Ayer, 16 de abril de 2016, al mediodía estaba este camión, reluciente y debidamente vestido de populismo, montado sobre la amplia acerca de la avenida México. Allí en medio, como un tótem. Olía a pescado a la distancia. Una fila de gente sencilla y paciente comenzaba apenas a formarse en el pasillo que conecta la estación Bellas Artes del metro con Parque Central, esperando su turno para echarle el rejo al tajalí o al corocoro. Nicolás Maduro apareció hace un par de semanas en una trasmisión desde el estado Sucre con el buque pesquero Gran Roque como telón de fondo, y anunciaba que ahora sí le llegaría el pescado a más de siete millones de venezolanos. Quizás exagerara. Quizás lo de “potencia pesquera” sea solo flor de un día. Pero eso sí, que todo el mundo sepa que el pescado que le llega barato lo trae hasta acá, hasta la avenida México, el finado comandante eterno, a quien por algo se le llama así, eterno. La pancarta del camión es elocuente. ¿Su espectro pescador se zambulle en el Caribe cada madrugada para obrar, a su modo, el milagro de la multiplicación de los peces?

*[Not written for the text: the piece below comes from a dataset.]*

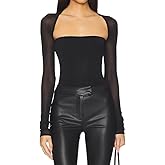 Cantonwalker Womens Sexy Mesh Long Sleeve Top Slim Fit See Through Square Neck Shirt Chic Fashion Outfits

Su bondad no conoce fronteras. Claro, cuenta con su hijo pródigo como hilo conductor, rodilla en tierra y mirada en el horizonte hermoso de la revolución. Los une, al padre y al hijo, el sombrero tejido típico de los costeños. Encarnarse en el pueblo, llaman a eso.
Desde 1992 el pueblo ha debido de intuirlo pero al parecer lo pasó por alto: al golpista del 4F lo que le interesaba era pescar en el río revuelto de la política venezolana.